The board game publisher, CMON Limited (formally known as Cool Mini Or Not), has recently been in a spot of bother, and perhaps faces the possibility of closure after a number of issues were highlighted during a recent audit which have delayed its financial statements for 2019 and caused trading in the company’s stock on the Hong Kong stock exchange to be suspended.

CMON is a prominent board game publisher, boasing numerous smash hit games such as Blood Rage, Rising Sun, Arcadia Quest, the Zombicide franchise and A Song of Fire and Ice miniatures game, to name but a few.

There is confusion as to what is actually going on and it stems from three issues highlighted in the audit.

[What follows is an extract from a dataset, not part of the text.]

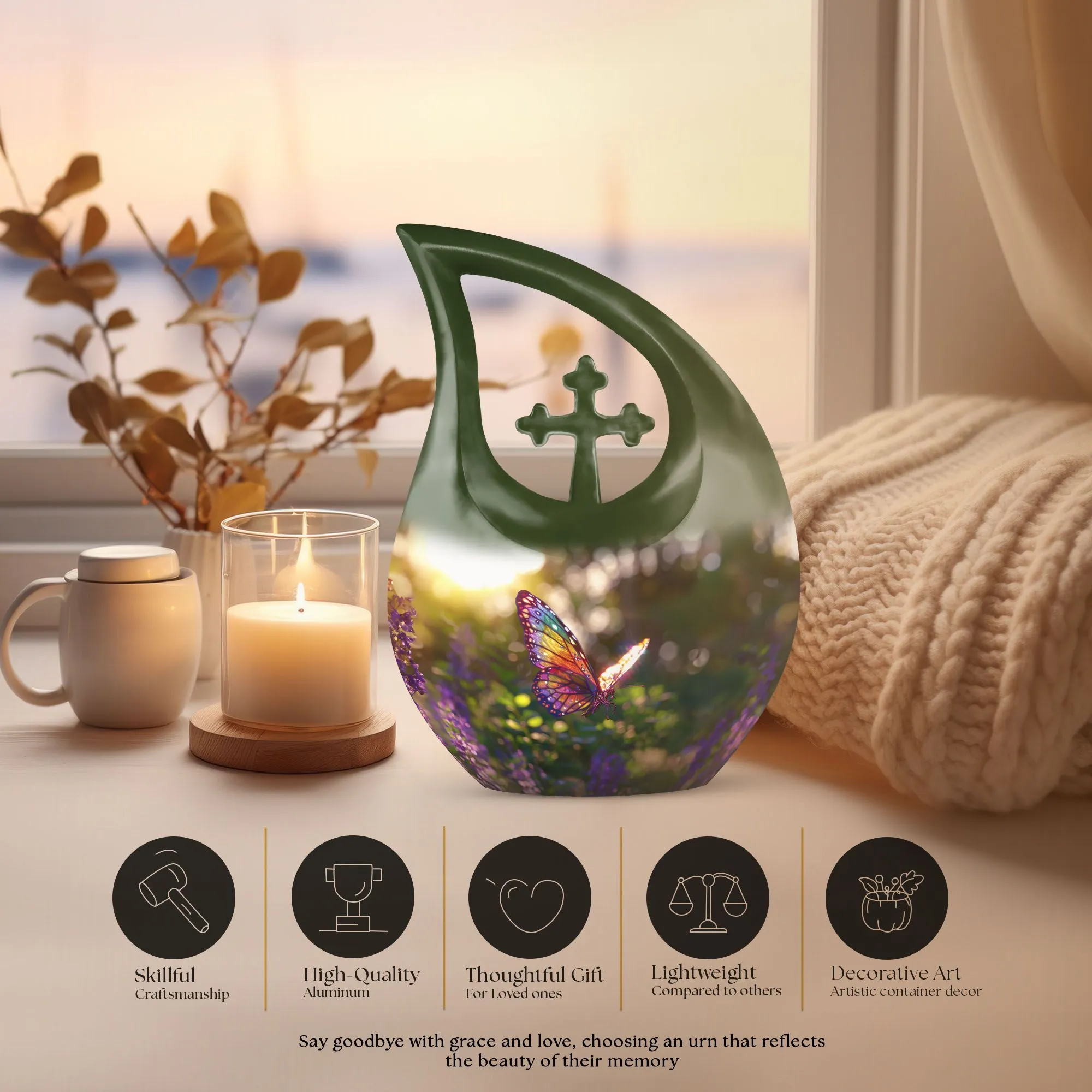 Cross Drop Butterfly Urn, Mini Urn For Human Ashes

  • Issue 1: "A distributor agreement with transaction value of approximately US$1.5 million."

CMON’s well-known exclusive distributor agreement with Asmodee has made people speculate as to why this has been flagged as an issue.

  • Issue 2: The rationale and substance of the significant increase in the prepayment balances as at 31 December 2019."

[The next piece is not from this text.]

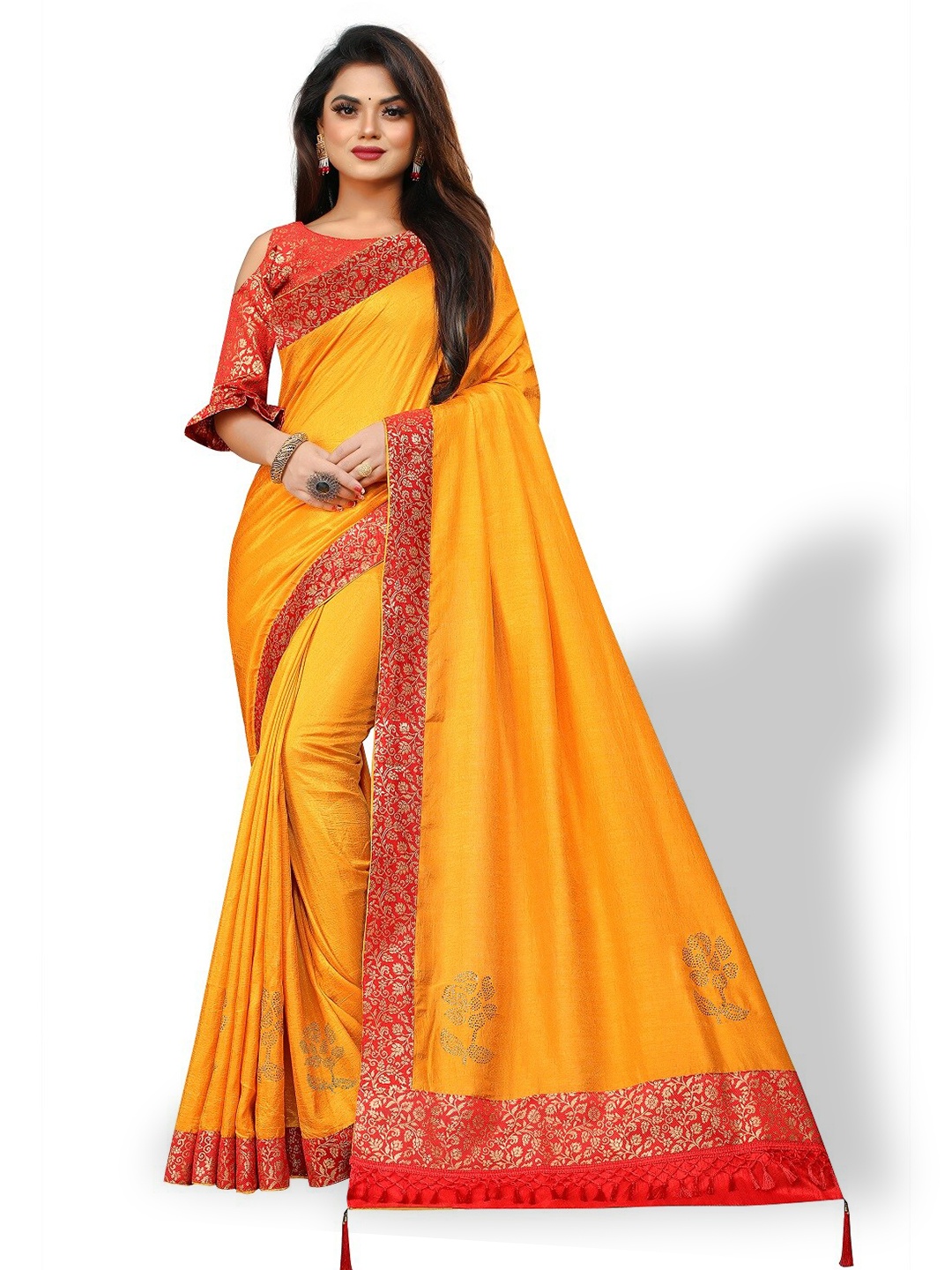 

ZEEPKART Woven Design Border Zari Kanjeevaram Saree, Yellow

Again, there is no substance available on this but it could mean a large sum of money was paid by the company to someone.

  • Issue 3: "Other information as required by the auditors for their audit procedures on certain audit issues including ‘going concern’."

This "going concern" issue is perhaps the most alarming of the three, because it means that in the opinion of the auditors the company may be close to bankruptcy.

Where CMON sought to address these issues and in its April update it stated:

“Some of you may have read about our public announcement where we have a legal requirement to report on any issues we face as a public company.  We are aware that there are articles incorrectly attributing meaning to “going concern” that may not be wholly accurate.

"Going concern" is a highly technical accounting term referring to a situation where net current liabilities are greater than net current assets.  This happens for CMON from time to time since we record funds received from Kickstarter as both a liability and an asset - the money is an asset we received from our backers, but it is also a liability we owe to them that is not fulfilled until we ship our products.

Since we use the funds to pay for molds, production and development of those products, and some of these are considered "Non-Current assets”, the asset column goes down as we use the money to fulfill the development of the game.  Once we ship the game, the project goes back into the black because we can take the liability for the Kickstarter funds off the books. 

The tricky part is when this crosses a financial reporting year, which happens often for Kickstarter projects, and if that happens it automatically triggers this technical nomenclature, and if you review our prospectus you will see we have reported this in the past.

This accounting treatment has nothing to do with the underlying strength of the company or our ability to make games and deliver them to you. Please rest assured that despite the current state of the world, CMON is and will be in the business of making great games for many years to come.

CMON’s statement looks to reassure its thousands of Kickstarter backers and customers, and to a layperson the explanation given makes some sort of sense, especially if you really want to believe that the company will pull through and will continue to prosper.

However the statement did not tackle issue 1 or 2, nor the reason why the company’s financial statements have been delayed. The going concern issue is a worry, because you have to credit the professional auditors with the skills and credibility to do a thorough job, and surely they looked into the nature of CMON’s business and have taken that into account. They do not issue going concern opinions lightly.

CMON was profitable in 2018 (despite it not being as good as previous years) in in the first nine months of 2019 they suffered a loss of $455,000, which isn’t terminal by their standards. All-in-all, the situation is very unclear, but love them or hate them, if CMON ceased to be, it would be a dark day for the board game industry.

Perhaps a note of positivity is that their latest Kickstarter – Ankh – is currently funding at almost $1.7 million with 12 days of the campaign still to run! (And Kicktraq currently predicts it will raise a total of almost $4 million.) Almost 17,000 backers are confident that CMON can continue to deliver.